The certificate in this case is as follows:


'This is an appeal from the district court for the western district of Tennessee, sitting as a court of bankruptcy, disallowing a claim filed by the appellants against the bankrupt estate, exceeding $500 in amount. From the transcript of the record it appears:


'(1.) That the Langstaff Hardware Company is a mercantile corporation, organized under the general law of Tennessee, providing for the organization of such corporations, which was engaged in carrying on a general hardware business at Memphis, in the western district of Tennessee.


'(2.) Being embarrassed, it, on the 13th day of August, 1900, made a general deed of assignment, under the general-assignment law of Tennessee, by which it conveyed to one C. W. Griffith, as assignee, all its corporate property of every kind, for the equal benefit of all its creditors. The assignee accepted the trust and qualified by executing bond and taking the oath prescribed by the Tennessee statute, and entered into possession of all the assigned estate. This deed of assignment provided that the assignee should pay 'reasonable counsel and attorneys' fees for preparing this deed and for advice and service to be furnished and rendered him in the course of the administration of the trust hereby created.' Within four months after this deed of assignment the Langstaff Hardware Company, upon a petition by its creditors, was adjudicated a bankrupt, and this deed set aside as in contravention of the bankrupt law. A trustee was duly chosen, who has taken possession of the assigned assets of the bankrupt.

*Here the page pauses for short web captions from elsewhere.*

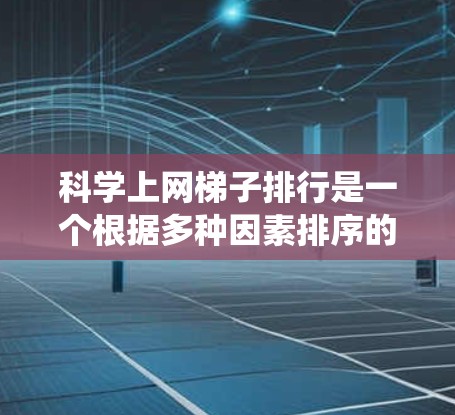 科学上网梯子排行是一个根据多种因素排序的网站导航系统，帮助用户选择适合科学研究的网站。以下是科学上网梯子排行的概述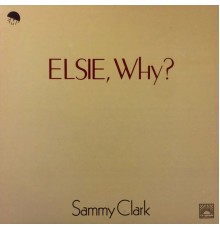 Sammy Clark - Elsie, Why?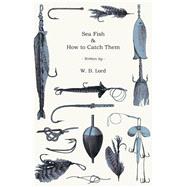Sea Fish & How to Catch Them by Lord, W. B., 9781444608069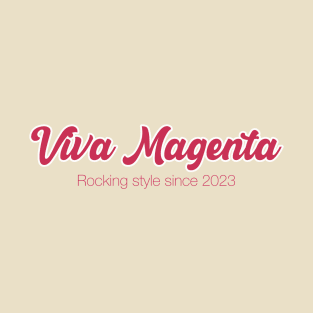 Viva Magenta: rocking style since 2023 T-Shirt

'(3.) The appellants filed a claim against the bankrupt estate for professional services rendered the bankrupt in preparing the said deed of general assignment, and the assignee thereunder in advising and counseling him in respect of his duties, and in defending a suit brought to wind up the corporation in a state chancery court, and for services rendered the assignee in resisting the adjudication of bankruptcy.

      'The items of this claim were as follows:
  (a.)   For services rendered the corporation in 
         preparing the  general assignment.............. $500 00
  (b.)   For general advice and counsel to the 
         assignee in  respect to the duties of his
         trust..........................................  250 00
  (c.)   For legal services in defense of a suit 
         brought in a state court wherein it was sought
         to have the corporation wound up as an insolvent
         corporation, and its assets distributed under the
         orders and decrees of the court................  100 00
  (d.)   For services rendered by employment of 
         the assignee in resisting an adjudication
         of bankruptcy against the Langstaff 
         Hardware Company...............................  300 00

'The appellants asserted and claimed that each of said items constituted a prior charge upon the assets, and asked to have same paid by the trustee in preference to the unsecured creditors. The trustee and certain creditors excepted to each item of this account.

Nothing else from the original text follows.